Due to the current hub-and-spoke operation of the airline industry, research in the network RM problem for airlines is very important. The mainstream approaches, bid price and virtual nesting, have some limitations such as the inaccuracy due to their suboptimal nature and the interruption of the operation as a result of the required updates. This study developed a solution algorithm that generates a seat control policy by approximating the expected revenue function in a DP model. In order to deal with the issue of dimensionality in the context of a network, this study used a suitable parameterized function and a sampling approach to achieve the approximation. Since the numerical experiment is based on a small two-leg network, it was possible to use a DP model to determine the expected revenue of the optimal control policy and the control policy developed by this study. The quality of the solution is consistent and quite close to that of the optimal control. It is worth noting that only a few sampling points are needed to achieve a good solution quality. This new approach can be used as an alternative to the popular mainstream approaches for the network RM problem for the airline industry, and should be an inspiring concept for other types of multi-resource RM problems.
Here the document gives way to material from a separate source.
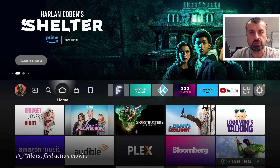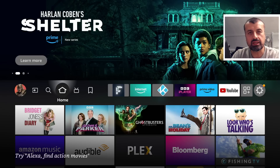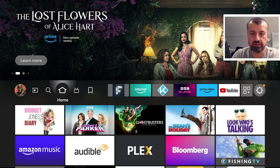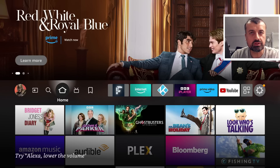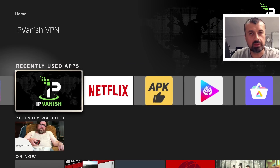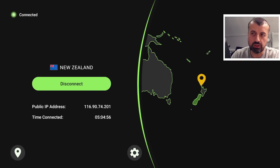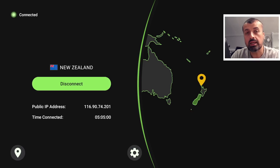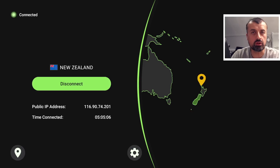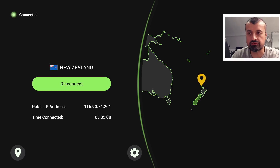The very first thing we need to do is create a free account. That free account just requires any random email address, a quick password, and you're good to go. You can do this on your computer, laptop, or cell phone. The only requirement is that before you open up the website to register, ensure you have a connection to a New Zealand server.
In terms of future research directions, there are some issues that require further attention. First, at this moment, the parameterized function used in this study is an exponential-type function, which is simple and appears to works well. Nonetheless, it is possible that some other types of functions satisfying the characteristics of the expected revenue function in the DP model can achieve better control. In addition, there is a chance that a customized non-linear regression procedure, replacing the built-in function in the software package, can raise the computational efficiency or solution quality. Finally, in order to fully verify the strength and the limitation of the proposed algorithm, a simulation experiment based on large-scale problems with real operational data is being considered.